STUDY MATERIAL START

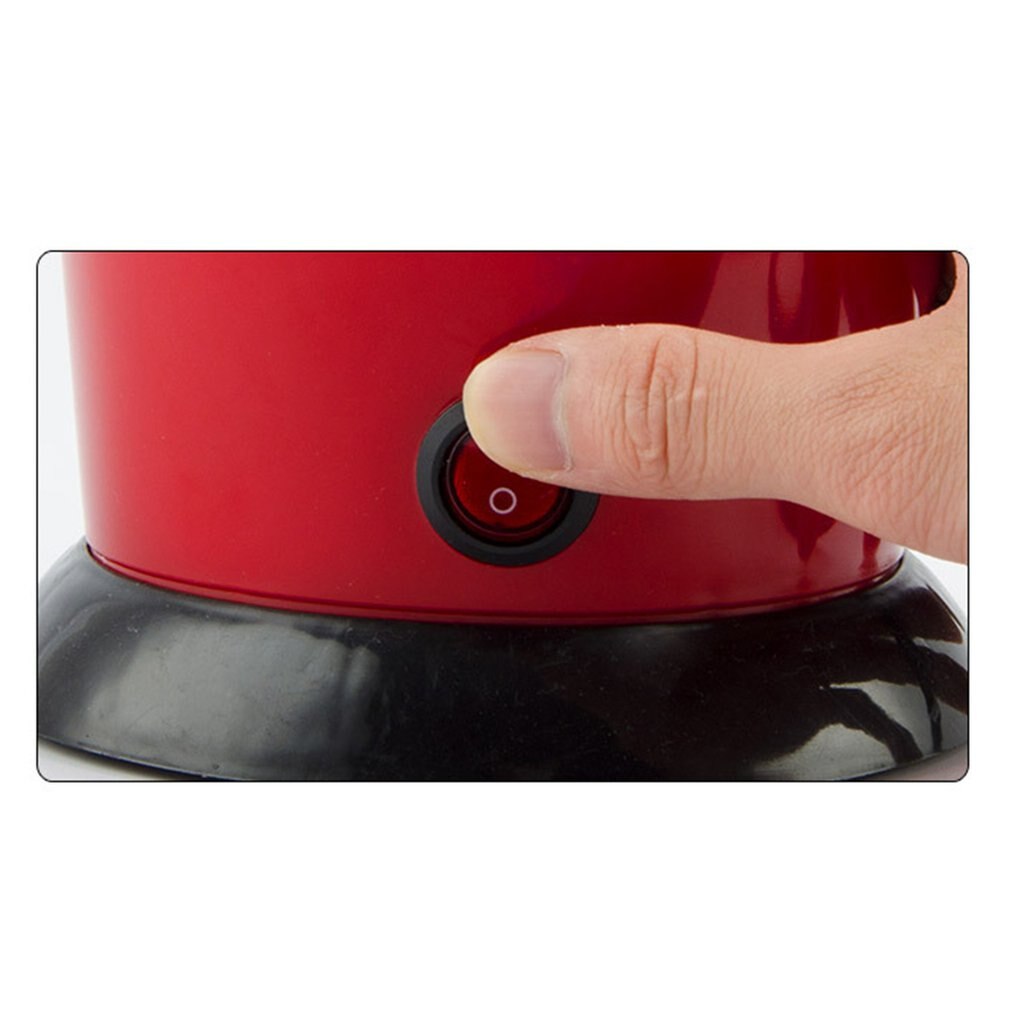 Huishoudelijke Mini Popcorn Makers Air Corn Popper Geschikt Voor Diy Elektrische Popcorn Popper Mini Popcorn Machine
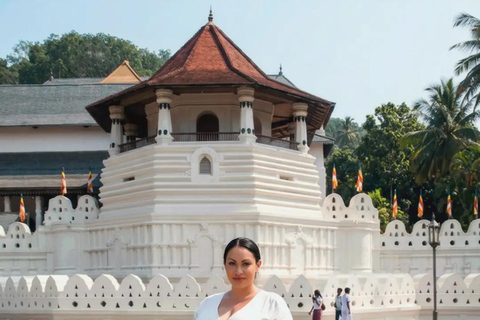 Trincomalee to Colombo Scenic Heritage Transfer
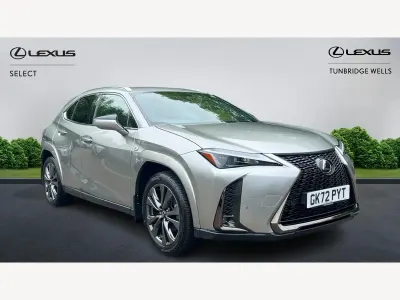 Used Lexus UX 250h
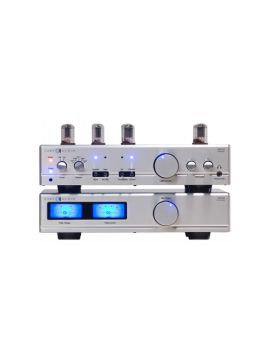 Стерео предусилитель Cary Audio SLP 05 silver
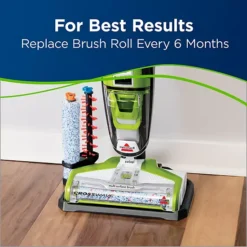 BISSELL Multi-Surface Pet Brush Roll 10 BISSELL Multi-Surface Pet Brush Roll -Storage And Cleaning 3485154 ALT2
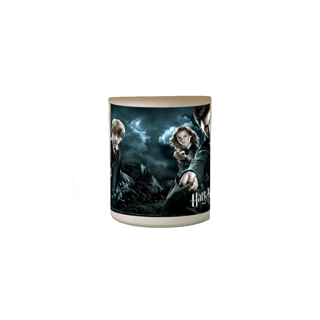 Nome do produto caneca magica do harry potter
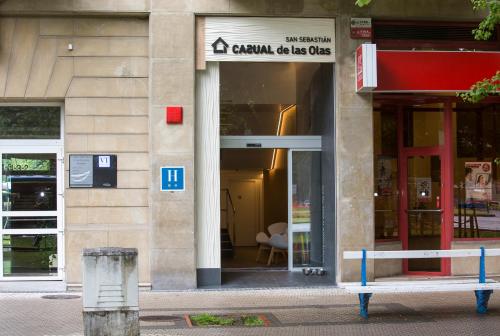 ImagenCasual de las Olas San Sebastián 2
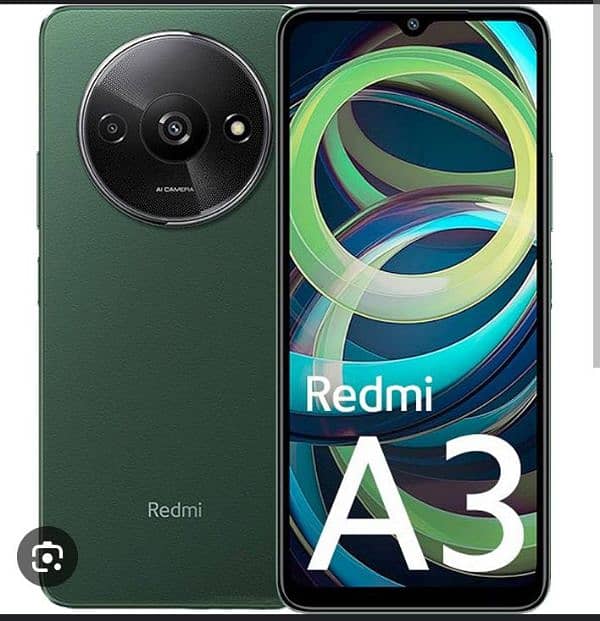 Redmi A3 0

STUDY MATERIAL END
STUDY MATERIAL START

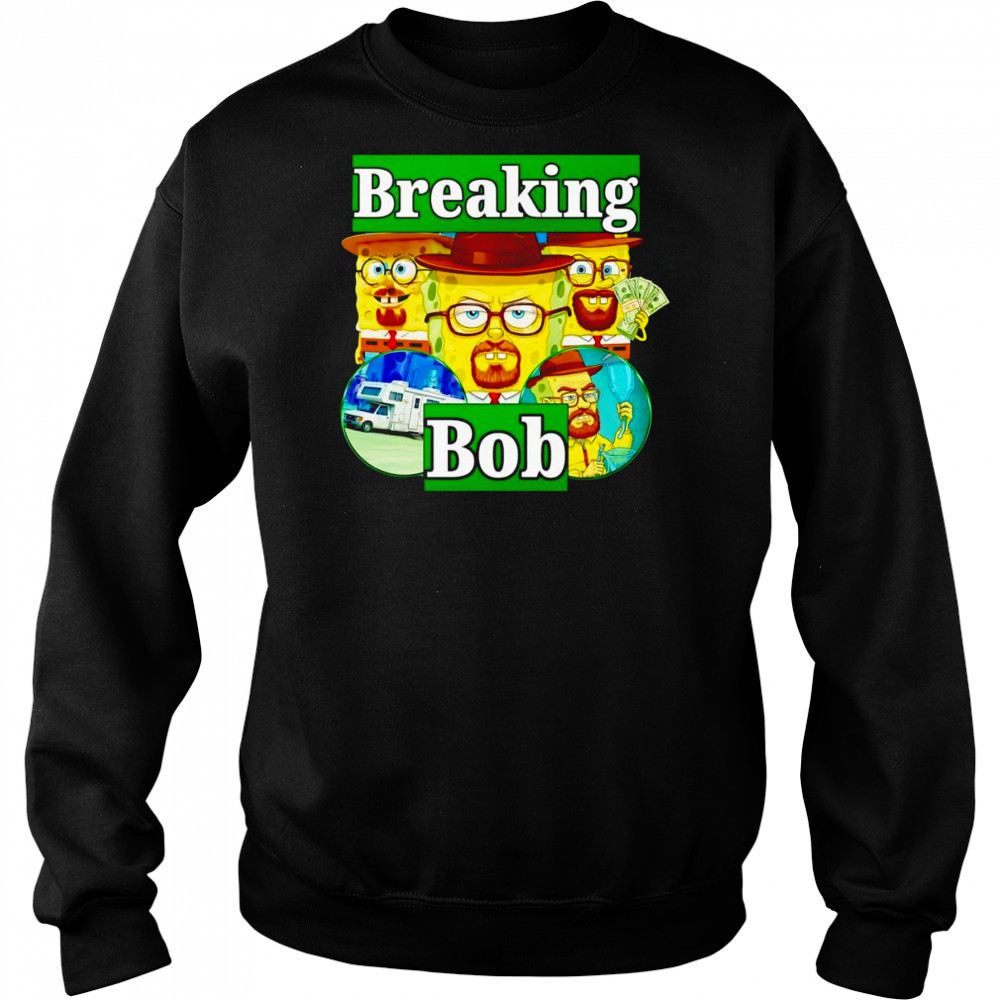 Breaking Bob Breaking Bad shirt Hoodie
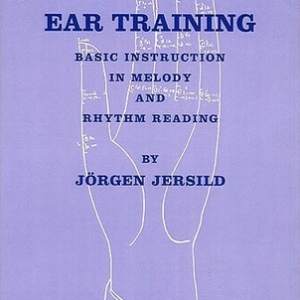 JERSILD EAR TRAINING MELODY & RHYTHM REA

STUDY MATERIAL END

### [EXERCISE PROMPT]
Your answer should be the exact lines above from the one containing "Breaking Bob Breaking Bad shirt Hoodie" through the one containing "JERSILD EAR TRAINING MELODY & RHYTHM REA", with both end lines kept and the pictures removed, please.

### [RESPONSE AREA]
 Breaking Bob Breaking Bad shirt Hoodie
 JERSILD EAR TRAINING MELODY & RHYTHM REA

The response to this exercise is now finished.